Colin Colby, who resigned his position as volunteer chief in mid-July, was arraigned Aug. 26 in Woburn District Court on six counts of illegal wiretapping, five counts of photographing an unsuspecting nude person and one count of attempt to commit a crime, a court clerk said. An investigation by the Wilmington Police Department found that Colby placed a secret camera designed to look like a pen in a women’s bathroom stall at Valley Green Incorporated, a Wilmington, Mass., business where he worked as a facilities manager.
Colby turned himself in to the Wilmington police on Aug. 26 and has cooperated with the authorities, said Wilmington police Lt. Brian Pupa. He is out on $2,000 cash bail and is due back in court for a pre-trial hearing Nov. 6, a court clerk said. Colby could not be reached for comment and his attorney, Kathleen McCarthy, did not return a request for comment.
The investigation began on July 11 when a female employee at Valley Green noticed the camera in one of the stalls and gave it to the police, Pupa said. The New Hampshire Attorney General’s office assisted in the police investigation. On July 19, the two agencies executed a search warrant on Colby’s home on Battle Street in Webster. During the search, the authorities seized several computer and storage devices, Pupa said. The investigation found that the camera had captured footage on multiple occasions, Pupa said.
An employee who answered the phone yesterday at Valley Green said Colby resigned from his job more than a month ago. Webster’s selectmen accepted his resignation as volunteer fire chief July 22. That resignation letter did not include specific reasons, and when reached by phone in mid-August, Colby said he resigned for “personal reasons.”

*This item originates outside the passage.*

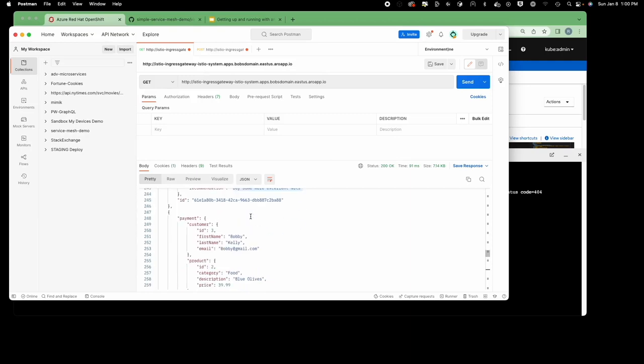Effectively I've applied a destination rule with both recommendations-food and recommendations-music filters, then implemented it by creating a virtual service for the recommendations service. The virtual service takes over the recommendations service under Kubernetes.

Bruce Johnson, chairman of Webster’s board of selectmen, said in an email he did not want to comment on the charges because they did not happen in Webster and Colby was not serving in his capacity as fire chief when the alleged acts were committed.
“I will only add a reminder that the Webster fire chief position, as well as all firefighter positions, are volunteer positions, and Colin’s many years of contributions to the town remain greatly appreciated,” Johnson said.